INTERNATIONAL TERRORIST ATTACKS

 

September 5, 1972: Terrorists belonging to Black September, a Palestinian group, sneak into the Olympic Village in Munich, kill two Israeli athletes and take nine hostage. The hostages and five terrorists die following a failed rescue attempt.

DECEMBER 21, 1975: Top international terrorist Carlos "The Jackal" holds 11 OPEC ministers and 59 civilians hostage during an OPEC meeting in Vienna. Several hundred million dollars are paid in ransom money and Carlos and his associates allowed to flee.

AUGUST 8, 1984: The Irish Republican Army bombs the Grand Hotel, venue of a Conservative Party conference, at the seaside city of Brighton in England. Prime Minister Margaret Thatcher and her cabinet colleagues have a narrow escape but five senior Tory politicians are killed.

DECEMBER 21, 1988: A Pan American Boeing 747 on its way from Frankfurt to New York is blown up over Lockerbie, Scotland, by Libyan terrorists. 270 people including 11 on the ground die.

APRIL 19, 1995: A truck bomb explodes outside the federal building in Oklahoma City, US, ripping away the north face of the nine-storeyed building. 168 people, including scores of children in the building's second floor day care centre, die.

 

This multilateral option stands in stark contrast to the early days of the present Bush administration. When Bush took charge in January this year the US deliberately reversed the primarily multilateral Clinton approach and embarked on a staunch unilateral path that saw Washington reject the Kyoto Protocol on greenhouse gases, abandon the Comprehensive Test Ban Treaty, challenge the creation of the International Criminal Court and suspend the normalisation of relations with North Korea.

Simultaneously, Washington also embarked on an ambitious missile defence programme, against a less than obvious threat, which endangered not only the 1972 Anti-Ballistic Missile (ABM) treaty with Moscow but also prompted a new confrontation with Beijing. In short, the new administration was confident that it could unilaterally achieve absolute security, multilateralism be damned. The dastardly acts of September 11, however, exploded the myth of absolute security and starkly revealed that even the world's only superpower cannot afford to go it alone.
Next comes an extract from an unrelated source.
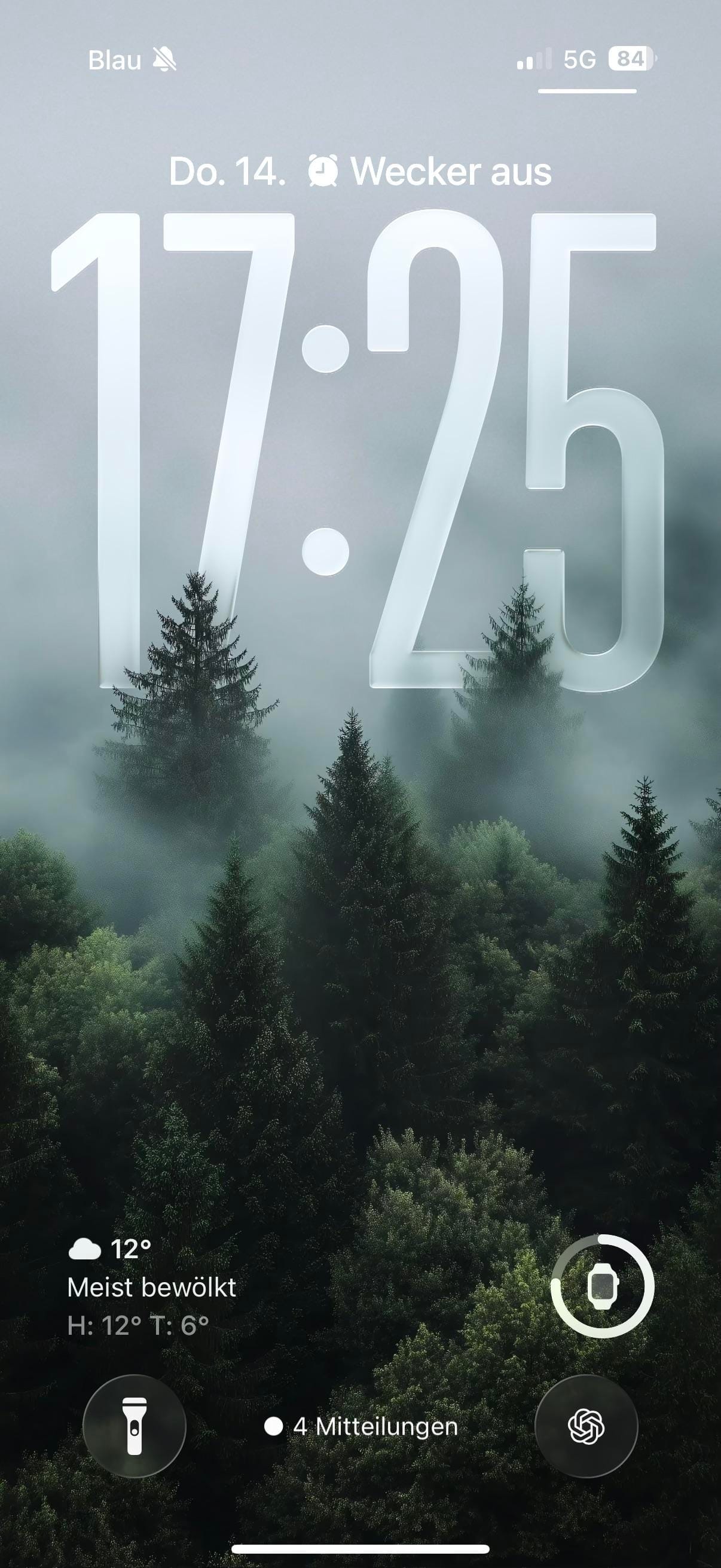 Colorful glass icons and a B&W foggy forest wallpaper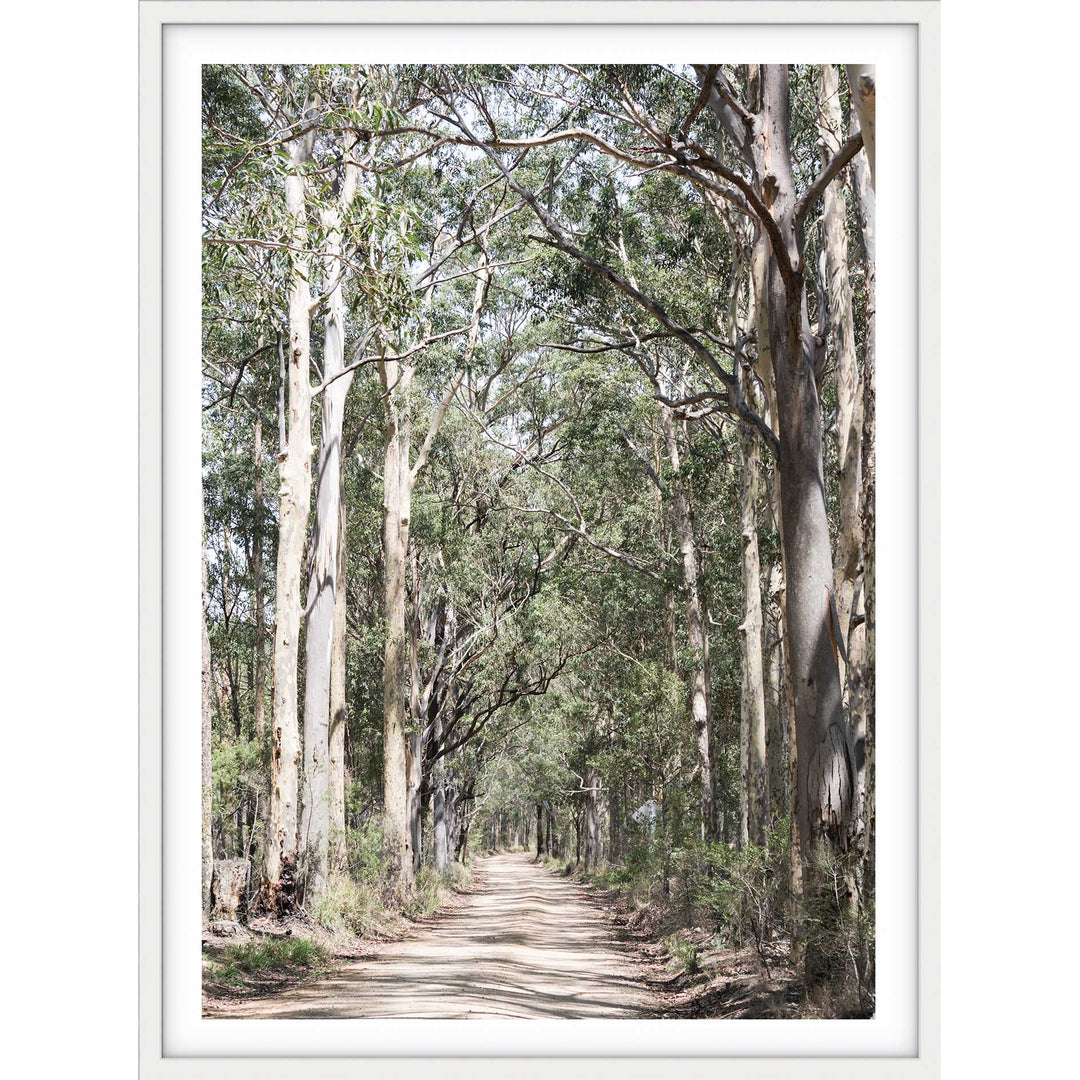 Gumtrees - The Hunter Valley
Multilateralism, which until yesterday was being shunned like a millstone by a drowning person, was now being embraced like a last straw.

In the days following the attacks in New York and Washington, this option appears to be gaining ground. One indication of this was the evocation of Article 5 by the North Atlantic Treaty Organisation (NATO) at the prompting of Powell. Article 5 categorically states that an attack on any NATO member will be regarded as an attack on all NATO members and that all the members reserve the right to retaliate against the attacker. These are the same NATO allies with whom Bush had sharply differed on the issue of missile defences and the presence of US troops in the Balkans.

Another indication of the multilateral option being strengthened is the support that the Powell plan has received from both Democrat and Republican members of the Congress. Speaking on Larry King Live, Democratic Senator Diane Feinstein urged the administration to "work with NATO, Russia, China and moderate Arab states", a sentiment endorsed by several of her Republican colleagues. Similarly, Democrat Senator Joseph Biden, the chairman of the Foreign Relations Committee, was practically gushing in his praise of Powell's success in rallying the NATO allies.